Stroking easily and evenly—unaware of how much practice was required to learn to handle a small rowboat that way—Milo nodded and smiled. “Sure, Irunn, I’d like to meet your folks.”
As they two plodded tiredly up the walk to Maggie O’Shea’s boardinghouse that night, Irunn stopped suddenly, faced Milo and laid her palms on his cheeks, then pressed her opened lips onto his. “Milo Moray,” she whispered after the long kiss was done, “I love you, Milo Moray. I am yours and you will be mine. You will be mine.”
Milo liked Irunn, but that was all. Besides that, he had no intention of marrying her or anyone else, not for a while, for a long while, possibly. But he quickly found out that attempting to reason with the woman was equivalent to batting his head against a brick wall.
“Irunn, can’t you see that I can’t marry anyone now?”
“Why?”
“Well, for one thing, I still have no slightest idea who I am … or was. I could be … have been a criminal of some kind, you know.”
“You? You could never have been a criminal, my Milo, you are too good, too kind. And as for who you are, you are Milo Moray, the man I love. You are a good man”, a strong man, a man who makes a good living, a man who my Papa will be proud to name his son-in-law and the father of his grandchildren, when they come.”

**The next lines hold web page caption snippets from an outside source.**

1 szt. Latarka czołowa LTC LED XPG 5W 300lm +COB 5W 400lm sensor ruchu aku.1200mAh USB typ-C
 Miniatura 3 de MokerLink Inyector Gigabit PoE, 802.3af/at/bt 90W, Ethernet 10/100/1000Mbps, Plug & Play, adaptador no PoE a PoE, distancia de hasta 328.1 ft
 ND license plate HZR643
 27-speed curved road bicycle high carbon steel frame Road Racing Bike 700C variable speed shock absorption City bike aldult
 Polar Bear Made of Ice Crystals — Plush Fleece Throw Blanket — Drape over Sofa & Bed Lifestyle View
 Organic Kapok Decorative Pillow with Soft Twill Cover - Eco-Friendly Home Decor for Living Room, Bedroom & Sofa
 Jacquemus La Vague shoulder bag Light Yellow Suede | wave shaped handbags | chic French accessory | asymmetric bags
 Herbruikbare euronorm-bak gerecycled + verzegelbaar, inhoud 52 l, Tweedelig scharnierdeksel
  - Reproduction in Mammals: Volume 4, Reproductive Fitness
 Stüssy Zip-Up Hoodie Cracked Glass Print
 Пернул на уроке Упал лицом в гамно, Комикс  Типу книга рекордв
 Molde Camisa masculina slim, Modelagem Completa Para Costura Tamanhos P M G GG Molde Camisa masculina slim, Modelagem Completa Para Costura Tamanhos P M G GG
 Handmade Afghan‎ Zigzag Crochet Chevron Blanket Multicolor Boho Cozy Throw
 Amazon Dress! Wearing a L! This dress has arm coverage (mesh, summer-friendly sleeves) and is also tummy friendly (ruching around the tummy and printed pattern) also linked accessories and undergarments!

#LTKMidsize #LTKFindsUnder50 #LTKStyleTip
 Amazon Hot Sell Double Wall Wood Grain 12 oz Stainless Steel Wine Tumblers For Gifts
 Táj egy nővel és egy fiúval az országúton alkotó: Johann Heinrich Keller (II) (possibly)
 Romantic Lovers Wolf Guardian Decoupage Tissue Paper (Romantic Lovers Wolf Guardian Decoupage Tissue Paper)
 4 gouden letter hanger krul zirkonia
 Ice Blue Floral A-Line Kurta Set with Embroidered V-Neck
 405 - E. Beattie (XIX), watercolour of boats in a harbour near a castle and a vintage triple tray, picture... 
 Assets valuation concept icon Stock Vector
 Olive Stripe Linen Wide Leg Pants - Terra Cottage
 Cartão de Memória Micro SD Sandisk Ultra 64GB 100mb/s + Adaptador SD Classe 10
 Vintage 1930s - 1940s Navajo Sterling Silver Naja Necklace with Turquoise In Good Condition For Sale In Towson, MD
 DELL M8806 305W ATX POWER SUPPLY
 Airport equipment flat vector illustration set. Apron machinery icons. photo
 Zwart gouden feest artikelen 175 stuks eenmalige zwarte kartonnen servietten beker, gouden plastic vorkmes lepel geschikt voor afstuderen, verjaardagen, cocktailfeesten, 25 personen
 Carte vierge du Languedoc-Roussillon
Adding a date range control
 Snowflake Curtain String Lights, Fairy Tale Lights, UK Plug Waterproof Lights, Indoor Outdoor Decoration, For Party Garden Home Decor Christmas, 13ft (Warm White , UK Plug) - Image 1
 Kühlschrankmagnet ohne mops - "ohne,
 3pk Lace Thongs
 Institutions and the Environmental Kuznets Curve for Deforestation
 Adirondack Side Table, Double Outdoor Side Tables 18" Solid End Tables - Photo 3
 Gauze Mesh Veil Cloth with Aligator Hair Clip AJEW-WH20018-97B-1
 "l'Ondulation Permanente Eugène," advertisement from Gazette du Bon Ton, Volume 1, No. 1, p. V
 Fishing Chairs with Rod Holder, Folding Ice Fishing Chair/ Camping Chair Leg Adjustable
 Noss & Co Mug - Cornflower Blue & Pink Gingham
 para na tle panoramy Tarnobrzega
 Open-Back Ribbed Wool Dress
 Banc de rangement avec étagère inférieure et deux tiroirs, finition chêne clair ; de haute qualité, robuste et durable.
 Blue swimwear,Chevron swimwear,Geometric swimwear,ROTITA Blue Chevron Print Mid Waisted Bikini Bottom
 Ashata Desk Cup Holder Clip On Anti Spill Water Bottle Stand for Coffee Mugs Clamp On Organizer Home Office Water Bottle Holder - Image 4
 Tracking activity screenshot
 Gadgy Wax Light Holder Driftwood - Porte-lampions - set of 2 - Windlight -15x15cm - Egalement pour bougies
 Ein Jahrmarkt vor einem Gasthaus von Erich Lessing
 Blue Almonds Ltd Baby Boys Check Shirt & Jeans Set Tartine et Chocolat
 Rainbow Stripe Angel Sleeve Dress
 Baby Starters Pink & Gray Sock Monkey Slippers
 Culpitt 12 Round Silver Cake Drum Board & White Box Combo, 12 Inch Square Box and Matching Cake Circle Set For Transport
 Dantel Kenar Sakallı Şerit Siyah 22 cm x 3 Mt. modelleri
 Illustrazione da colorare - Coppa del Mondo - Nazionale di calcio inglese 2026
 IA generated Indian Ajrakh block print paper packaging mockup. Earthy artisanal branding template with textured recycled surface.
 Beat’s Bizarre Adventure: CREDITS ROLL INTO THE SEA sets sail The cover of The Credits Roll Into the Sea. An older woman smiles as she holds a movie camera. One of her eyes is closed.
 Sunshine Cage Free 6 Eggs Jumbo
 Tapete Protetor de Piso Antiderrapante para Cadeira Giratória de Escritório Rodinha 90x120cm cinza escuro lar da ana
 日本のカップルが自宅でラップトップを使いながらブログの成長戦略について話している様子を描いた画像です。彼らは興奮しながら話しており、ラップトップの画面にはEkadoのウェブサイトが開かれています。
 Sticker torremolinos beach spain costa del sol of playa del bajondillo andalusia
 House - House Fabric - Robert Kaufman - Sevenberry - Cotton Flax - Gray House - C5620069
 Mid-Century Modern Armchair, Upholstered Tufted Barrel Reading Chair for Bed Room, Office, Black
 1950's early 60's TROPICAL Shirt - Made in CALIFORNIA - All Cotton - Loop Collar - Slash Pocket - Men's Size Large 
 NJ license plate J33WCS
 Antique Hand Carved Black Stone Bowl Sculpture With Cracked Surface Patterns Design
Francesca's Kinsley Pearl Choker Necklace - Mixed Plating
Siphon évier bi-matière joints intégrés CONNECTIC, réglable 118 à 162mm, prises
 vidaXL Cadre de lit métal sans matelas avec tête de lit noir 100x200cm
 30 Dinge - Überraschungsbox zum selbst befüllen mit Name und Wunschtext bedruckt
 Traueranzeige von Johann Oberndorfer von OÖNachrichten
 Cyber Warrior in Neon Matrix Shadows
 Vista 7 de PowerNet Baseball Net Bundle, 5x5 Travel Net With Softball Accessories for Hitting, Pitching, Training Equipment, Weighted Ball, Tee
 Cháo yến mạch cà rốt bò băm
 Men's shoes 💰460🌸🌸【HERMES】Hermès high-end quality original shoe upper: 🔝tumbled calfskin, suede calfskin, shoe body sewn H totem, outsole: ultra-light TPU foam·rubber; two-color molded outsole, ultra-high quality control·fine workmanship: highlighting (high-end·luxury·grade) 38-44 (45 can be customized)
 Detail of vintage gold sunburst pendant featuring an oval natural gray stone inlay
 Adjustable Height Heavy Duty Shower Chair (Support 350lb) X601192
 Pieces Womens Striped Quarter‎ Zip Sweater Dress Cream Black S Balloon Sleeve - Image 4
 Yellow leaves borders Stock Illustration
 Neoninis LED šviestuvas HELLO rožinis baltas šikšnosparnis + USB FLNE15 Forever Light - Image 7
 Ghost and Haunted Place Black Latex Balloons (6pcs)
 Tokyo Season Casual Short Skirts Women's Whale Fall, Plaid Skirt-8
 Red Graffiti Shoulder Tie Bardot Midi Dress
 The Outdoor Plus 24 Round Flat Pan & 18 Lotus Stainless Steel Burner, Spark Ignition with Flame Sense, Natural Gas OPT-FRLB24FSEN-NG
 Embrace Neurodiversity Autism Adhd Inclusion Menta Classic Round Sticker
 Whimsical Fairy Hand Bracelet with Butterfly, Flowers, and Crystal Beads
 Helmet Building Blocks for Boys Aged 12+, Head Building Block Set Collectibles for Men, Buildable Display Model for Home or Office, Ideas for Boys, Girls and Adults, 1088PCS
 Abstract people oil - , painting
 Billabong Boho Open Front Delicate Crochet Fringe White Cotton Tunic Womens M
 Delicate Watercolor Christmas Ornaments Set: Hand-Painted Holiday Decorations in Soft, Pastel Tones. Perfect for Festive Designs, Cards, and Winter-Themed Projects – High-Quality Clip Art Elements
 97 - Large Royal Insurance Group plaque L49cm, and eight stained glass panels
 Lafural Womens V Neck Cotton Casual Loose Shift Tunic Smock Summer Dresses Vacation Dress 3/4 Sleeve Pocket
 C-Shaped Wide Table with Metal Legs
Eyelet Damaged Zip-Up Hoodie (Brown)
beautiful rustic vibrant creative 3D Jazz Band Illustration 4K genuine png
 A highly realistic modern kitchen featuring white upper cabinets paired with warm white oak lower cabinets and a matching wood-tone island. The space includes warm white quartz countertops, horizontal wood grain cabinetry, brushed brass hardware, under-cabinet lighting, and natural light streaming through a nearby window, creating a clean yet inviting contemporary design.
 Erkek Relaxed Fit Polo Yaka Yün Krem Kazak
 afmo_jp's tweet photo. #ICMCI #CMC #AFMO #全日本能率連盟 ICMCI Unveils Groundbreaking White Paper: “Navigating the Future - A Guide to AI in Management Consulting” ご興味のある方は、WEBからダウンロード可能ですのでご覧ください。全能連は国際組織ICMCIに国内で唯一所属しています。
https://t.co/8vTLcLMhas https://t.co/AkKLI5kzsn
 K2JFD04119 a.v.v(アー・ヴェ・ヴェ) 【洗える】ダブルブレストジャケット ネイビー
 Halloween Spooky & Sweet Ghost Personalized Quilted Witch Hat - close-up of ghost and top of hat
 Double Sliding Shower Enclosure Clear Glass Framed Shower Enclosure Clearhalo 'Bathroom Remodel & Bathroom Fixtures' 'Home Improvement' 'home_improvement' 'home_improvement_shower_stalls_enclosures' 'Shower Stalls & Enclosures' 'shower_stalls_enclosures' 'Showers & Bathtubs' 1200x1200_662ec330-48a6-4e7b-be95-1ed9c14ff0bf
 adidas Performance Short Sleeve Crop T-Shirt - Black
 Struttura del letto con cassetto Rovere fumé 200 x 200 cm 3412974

He considered packing up his few effects and leaving the Chicago area entirely, _but he had the presentiment that that would only bring the stubborn, strong-willed woman dogging his trail wherever he went, however far he went.
He made an appointment and visited Dr. Osterreich in the psychiatrist’s office, seeking advice and help in extricating himself from the situation. But Sam Osterreich just laughed.
“Ach, mein gut, gut freund Milo, marriage the lot of most men is, do not to fight it so hard. Fraulein Thors-dottar I’haf at the hospital seen and talked with. A gut voman she is, und a gut Frau vill she for you make. Basic, Teutonic peasant stock, she is—strong, sturdy, with much vitality und not prone to easily sicken, und they little difficulties usually haf in the birthings, either.
“No, no, there no charge is for you, mein freund, nefer any charge for you. Just name one of your sons, Samuel, eh?”
Milo could still hear the little psychiatrist laughing as he closed the door to the outer office.
Dr. Gerald Guiscarde was of no more help. “Look, Milo, I know a little bit about Irunn and her family. They own a big, a really big, dairy farm up in Wisconsin, you know, and for these times, they’re doing damned well. So you could do a hell of a sight worse, say I.”
Finally, he went to Pat O’Shea. The old soldier showed his teeth in a grimace that was as close as he could any longer come to a real smile. Then he sobered and said bluntly, “Milo, time was when I felt just like you do, but I knows different, now; indeed I do. If I hadn’t had my Maggie when I come home like I am from the war, God alone knows what would’ve become of me. And a man never knows whatall is going to happen to him, Milo, peace or war, day or night, one minute to the next, so I say when you got the chance to get hitched up to a good, strong woman like that, even if looks ain’t her best suit, do it afore she changes her mind. Marry her, Milo.”
After a long pause, he added, “But if you really are dead set against the institution of marriage in gen’rul and you want to get somewheres where she can’t come after you and fetch you back to the altar, let me know and I’ll have you enlisted in the Army and on a train out of Illinois in two shakes of a lamb’s tail.”